Birds, butterflies and bacteria: The same law of biology appears to apply to all
BY SANDRA HINES
The connection between species richness and area occupied, recognized by biologists for more than 100 years as a fundamental ecological relationship in plant and in animal communities, has been discerned for the first time at the microbial level.
A pair of papers in the Dec. 9 issue of the journal Nature, one focused on bacteria and another on a microbial fungi, shows that the number of species present—the diversity—increases as the area they occupy increases.
"The results suggest that this relationship may be a universal law common to all domains of life," said former Stanford graduate student Claire Horner-Devine, now a research assistant professor at the University of Washington and lead author of the paper concerning bacteria.
Horner-Devine co-authored the bacterial study with her former adviser, Brendan Bohannan, an assistant professor of biological sciences at Stanford; Jennifer Hughes, a former postdoctoral fellow in the Bohannan lab, now an assistant professor at Brown University; and Melissa Lage, a graduate student at Brown.
"The search for generalities has been especially challenging in ecology," Bohannan said. "This work supports the idea that the species-area relationship is a truly general pattern, applying to elephants and bacteria and everything in between."
Jessica Green of the University of California-Merced is lead author of the fungi paper, which is co-authored by Andrew Holmes of the University of Sydney; Ian Oliver of the University of New England in New South Wales, Australia; and Mark Westoby, David Briscoe, Mark Dangerfield, Michael Gillings and Andrew Beattie of Macquarie University in New South Wales.
Crucial roleBacteria and fungi may well comprise the bulk of species on Earth and, despite their small size, play roles in everything from global climate change to water purification to recycling of dead plants, animals and other matter.
"Bacteria, for example, decompose organic material that, among other things, provides the majority of nitrogen needed by the plants we eat," Horner-Devine explained. "So understanding the distribution and basic ecology of one of the most abundant and diverse groups of organisms on Earth is crucial."
The idea that the number of species increases as the area increases, referred to as the "species-area relationship," may seem obvious to anyone who has compared a garden-size patch of wildflowers to an entire meadow and realized how many more kinds of flowers there are in the latter, Horner-Devine noted. Still, some scientists thought microbes might be different.
"There has been a long-standing idea that microbes are so abundant and so small that all the different types of bacteria are mixed up all the time and are, therefore, randomly distributed," Hughes added.
Predictable distributionThe researchers took advantage of mathematical formulas previously developed for plant and animal communities that describe how many more types, or species, can be expected to be shared from two samples taken far apart—for example, at opposite ends of a field or a lake—than from two samples taken close together.
The researchers were the first to couple this ecological thinking with information about microbes found using molecular tools developed in just the last 10 years, Horner-Devine said. She and her colleagues conducted their analyses by comparing DNA from bacteria sampled across a half-acre in a New England salt marsh. (Green and her co-authors sampled the microbial fungi Ascomycota in desert soils in a 62-square-mile national park in Australia.)
If the composition of bacteria is different in different places, then they might be performing various biological tasks differently, Hughes explained. "For example, a salt marsh in Rhode Island may behave differently in terms of how it buffers Narragansett Bay from nitrogen pollution than a similar looking marsh in San Francisco Bay," she said.

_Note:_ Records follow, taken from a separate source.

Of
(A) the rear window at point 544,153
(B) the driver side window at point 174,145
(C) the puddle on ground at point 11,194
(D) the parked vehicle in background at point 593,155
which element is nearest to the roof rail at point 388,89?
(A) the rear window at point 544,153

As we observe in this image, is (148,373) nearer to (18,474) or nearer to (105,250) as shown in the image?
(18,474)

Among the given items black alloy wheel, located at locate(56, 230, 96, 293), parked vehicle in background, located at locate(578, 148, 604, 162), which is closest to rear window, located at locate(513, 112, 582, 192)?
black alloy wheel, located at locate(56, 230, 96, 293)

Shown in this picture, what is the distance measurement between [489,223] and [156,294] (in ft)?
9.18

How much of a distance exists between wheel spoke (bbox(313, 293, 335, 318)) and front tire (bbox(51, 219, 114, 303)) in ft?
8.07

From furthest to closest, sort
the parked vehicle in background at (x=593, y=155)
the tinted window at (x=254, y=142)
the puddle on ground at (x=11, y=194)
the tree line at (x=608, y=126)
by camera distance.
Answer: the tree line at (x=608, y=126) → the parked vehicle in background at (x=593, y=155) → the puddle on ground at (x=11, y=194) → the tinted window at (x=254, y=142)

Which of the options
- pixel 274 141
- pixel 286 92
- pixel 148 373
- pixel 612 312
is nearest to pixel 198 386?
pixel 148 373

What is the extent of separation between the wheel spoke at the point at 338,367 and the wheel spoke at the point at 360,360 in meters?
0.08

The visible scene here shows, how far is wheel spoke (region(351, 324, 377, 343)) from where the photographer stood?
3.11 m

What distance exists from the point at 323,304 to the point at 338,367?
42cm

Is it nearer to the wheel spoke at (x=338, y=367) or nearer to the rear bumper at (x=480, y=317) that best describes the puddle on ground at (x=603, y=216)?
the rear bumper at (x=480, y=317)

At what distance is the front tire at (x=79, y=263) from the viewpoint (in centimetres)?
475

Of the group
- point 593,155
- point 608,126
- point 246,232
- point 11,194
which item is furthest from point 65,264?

"Our data firmly establishes that, like plants and animals, microbes are not randomly distributed but rather exhibit spatially predictable, aggregated patterns at multiple spatial scales," Green noted.
Both studies received funding from the National Science Foundation. The bacteria work also was supported by the American Association of University Women, and the fungi work by the Australian Research Council and the New South Wales Resource and Conservation Assessment Council.
Sandra Hines is the assistant director of news and information at the University of Washington.